Estos modernícolas de la izquierda llegaron donde están hoy, no por un proyecto “alternativo” que haya presentado la derecha, sino por los propios límites de su proyecto modernizador y señorial. Por eso los nuevos modernícolas de derecha que vienen del oriente, lo hacen como los cruzados que en la edad media europea se alistaban para asaltar poblaciones del oriente europeo con el pretexto de recuperar el sepulcro de Jesús y castigar a los pueblos infieles negador de Cristo. Esa misma imagen tiene el gamonal del oriente de Bolivia, Camacho, quien con una biblia, cruz y, dizque, con la única bandera que identifica al Qollasuyu ocupado (Bolivia), se posiciona en el centro del poder de la colonia y la república, acompañado de algunos hermanos nuestros, para quienes taita Cristo había derrotado a las Wak’as. Por eso también estos modernícolas de derecha arrían y queman las Wiphalas, como si esa enseña perteneciera a un partido político y no a una civilización que tiene en sus entrañas un proyecto civilizatorio de convivencia simbiótica que hoy necesita este mundo.
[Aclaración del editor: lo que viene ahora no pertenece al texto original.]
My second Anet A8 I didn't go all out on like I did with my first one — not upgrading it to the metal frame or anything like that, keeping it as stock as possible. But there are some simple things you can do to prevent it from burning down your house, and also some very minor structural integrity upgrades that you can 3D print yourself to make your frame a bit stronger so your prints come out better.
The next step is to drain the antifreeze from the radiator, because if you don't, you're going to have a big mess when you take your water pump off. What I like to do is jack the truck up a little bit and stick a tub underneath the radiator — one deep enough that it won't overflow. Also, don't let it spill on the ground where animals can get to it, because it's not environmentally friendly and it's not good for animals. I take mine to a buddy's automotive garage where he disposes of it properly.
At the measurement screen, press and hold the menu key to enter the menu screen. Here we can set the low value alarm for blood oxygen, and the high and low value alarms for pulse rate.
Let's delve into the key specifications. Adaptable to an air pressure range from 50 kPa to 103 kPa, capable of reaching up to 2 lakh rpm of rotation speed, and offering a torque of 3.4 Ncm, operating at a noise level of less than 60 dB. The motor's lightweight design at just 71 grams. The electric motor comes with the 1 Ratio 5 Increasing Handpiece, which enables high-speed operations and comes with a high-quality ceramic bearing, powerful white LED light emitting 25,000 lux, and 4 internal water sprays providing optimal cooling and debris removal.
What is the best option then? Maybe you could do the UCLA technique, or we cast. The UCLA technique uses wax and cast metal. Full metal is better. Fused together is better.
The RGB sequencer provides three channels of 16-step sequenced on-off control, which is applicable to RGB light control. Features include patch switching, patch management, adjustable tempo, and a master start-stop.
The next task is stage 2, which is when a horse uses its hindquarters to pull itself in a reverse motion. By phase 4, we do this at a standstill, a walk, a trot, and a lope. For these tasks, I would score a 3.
Seguramente Atawallpa y Mama Oxllo mirarían azorados como estos modernícolas, pese a los siglos transcurridos, nunca pudieron comprender el nuevo sentido de vivir en Qama, y llorarían al ver como algunos de sus hijos sucumbieron ante el proyecto modernizador, pero siempre existe la esperanza de que, ojalá algún día podamos vivir en mancomunidad respetando cada una de nuestras culturas como los diversos colores de la Wiphala y podamos vivir en igualdad como la forma equitativa de esta enseña india.